* Work to be completed:
From the listing below, set down exactly the lines between the one holding "#MSFS 2020 /" and the one holding "JHMCG5649YC040604 2000 Honda Accord Lx", inclusive. No other line is wanted.

* Records for processing:
====================
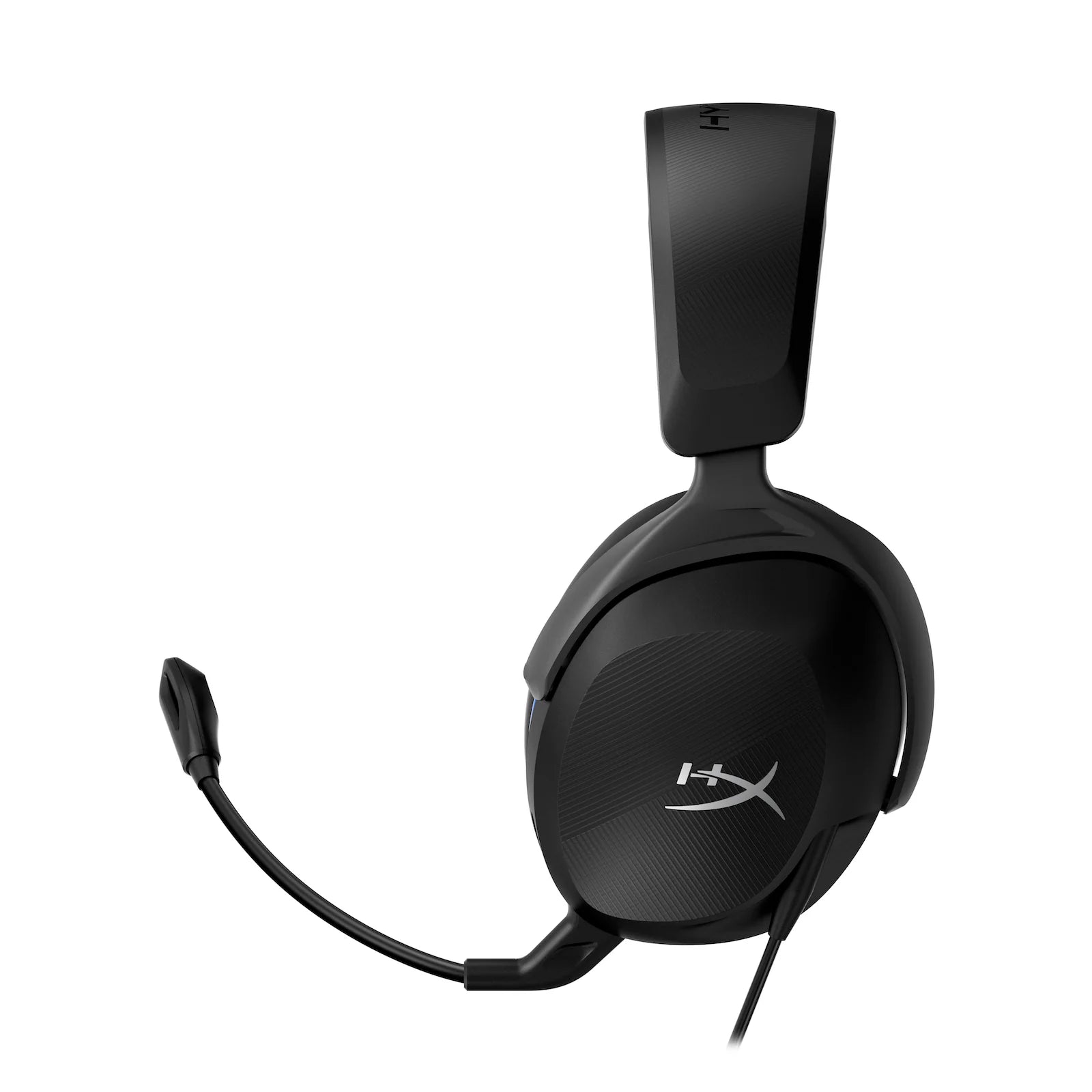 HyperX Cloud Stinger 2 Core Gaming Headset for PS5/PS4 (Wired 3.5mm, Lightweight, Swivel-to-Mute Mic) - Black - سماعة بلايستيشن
====================
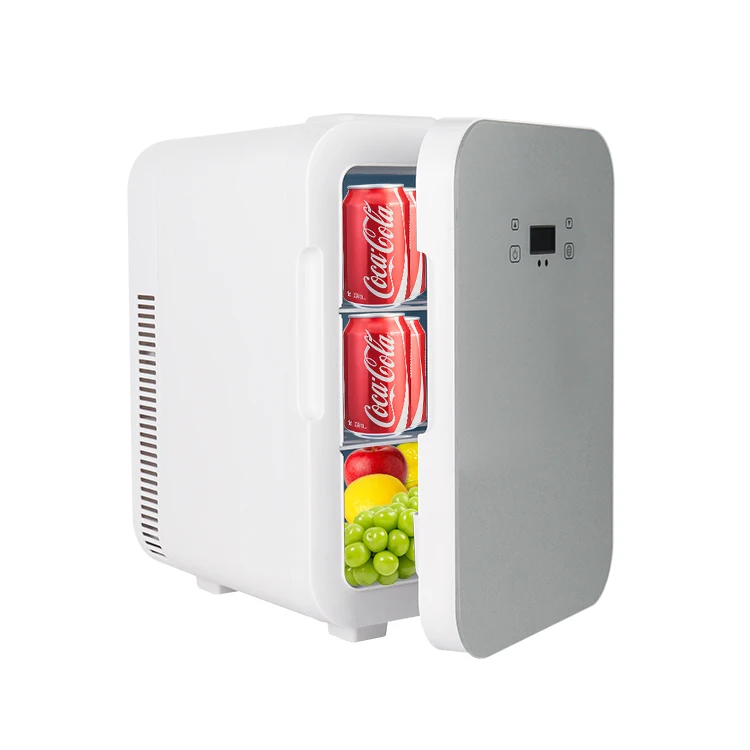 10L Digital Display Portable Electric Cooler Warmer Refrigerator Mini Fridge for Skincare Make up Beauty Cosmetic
====================
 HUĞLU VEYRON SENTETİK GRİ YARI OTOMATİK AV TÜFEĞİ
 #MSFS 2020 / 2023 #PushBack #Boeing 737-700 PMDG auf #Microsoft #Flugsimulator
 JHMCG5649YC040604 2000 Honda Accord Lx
====================
* Response to this exercise:
 #MSFS 2020 / 2023 #PushBack #Boeing 737-700 PMDG auf #Microsoft #Flugsimulator
 JHMCG5649YC040604 2000 Honda Accord Lx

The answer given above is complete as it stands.